Transcribe the records below in their entirety, and leave out each image.

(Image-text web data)
--- START ---
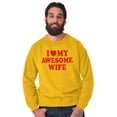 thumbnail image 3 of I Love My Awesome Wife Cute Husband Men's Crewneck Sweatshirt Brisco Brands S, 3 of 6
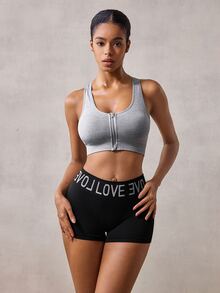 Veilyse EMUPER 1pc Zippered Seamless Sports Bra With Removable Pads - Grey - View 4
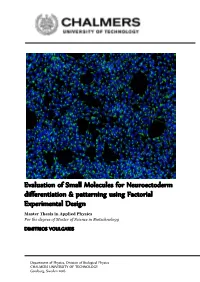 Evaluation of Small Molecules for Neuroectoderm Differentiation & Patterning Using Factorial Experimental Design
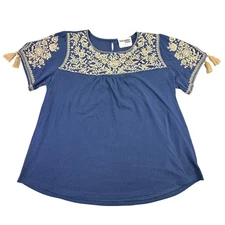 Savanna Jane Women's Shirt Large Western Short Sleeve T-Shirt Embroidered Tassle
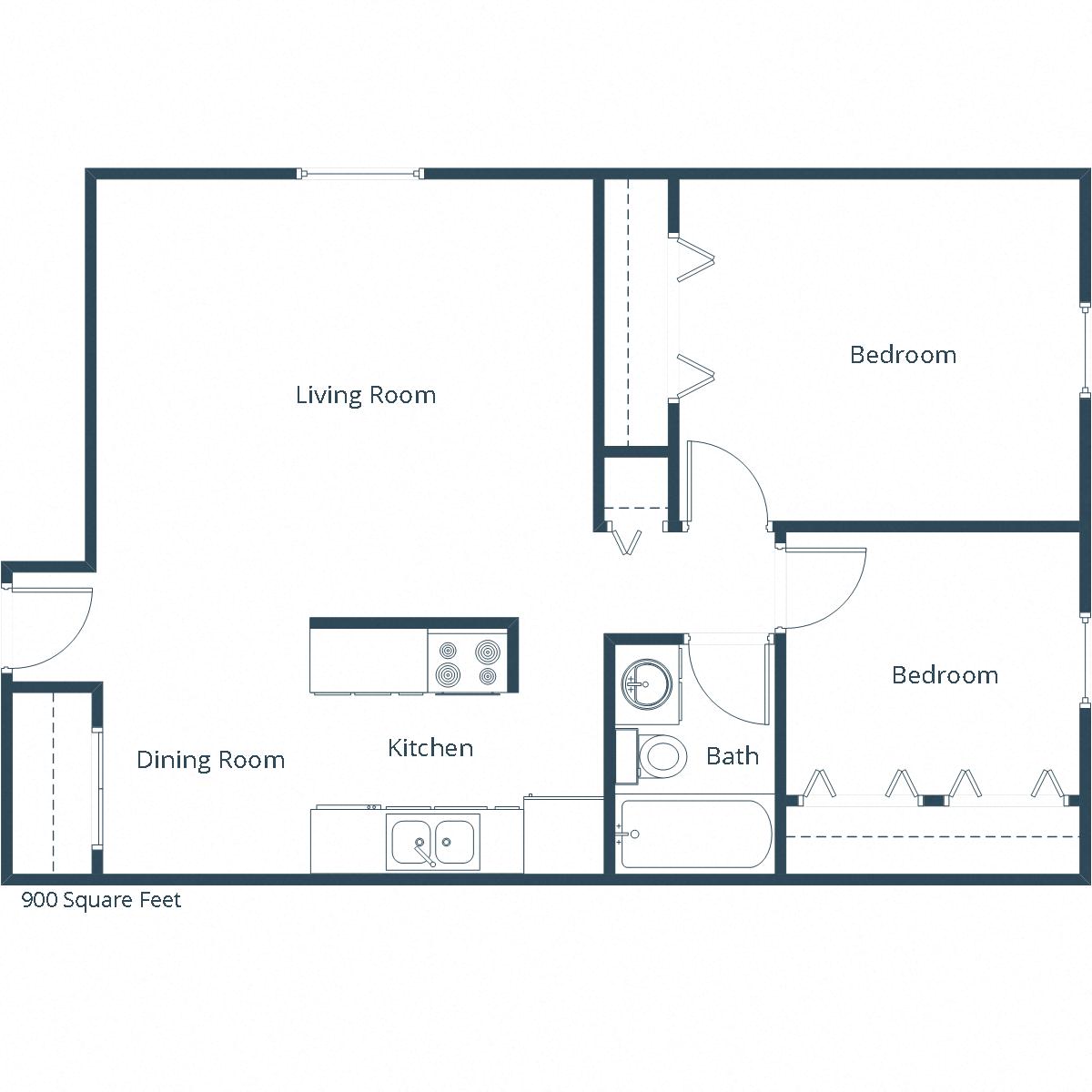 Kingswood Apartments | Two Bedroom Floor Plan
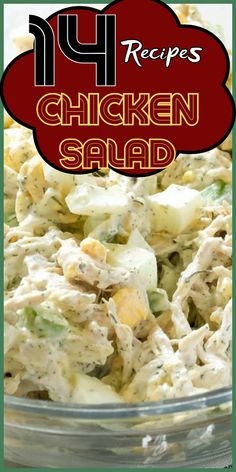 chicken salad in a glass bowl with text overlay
--- END ---
Expected answer:
 thumbnail image 3 of I Love My Awesome Wife Cute Husband Men's Crewneck Sweatshirt Brisco Brands S, 3 of 6
 Veilyse EMUPER 1pc Zippered Seamless Sports Bra With Removable Pads - Grey - View 4
 Evaluation of Small Molecules for Neuroectoderm Differentiation & Patterning Using Factorial Experimental Design
 Savanna Jane Women's Shirt Large Western Short Sleeve T-Shirt Embroidered Tassle
 Kingswood Apartments | Two Bedroom Floor Plan
 chicken salad in a glass bowl with text overlay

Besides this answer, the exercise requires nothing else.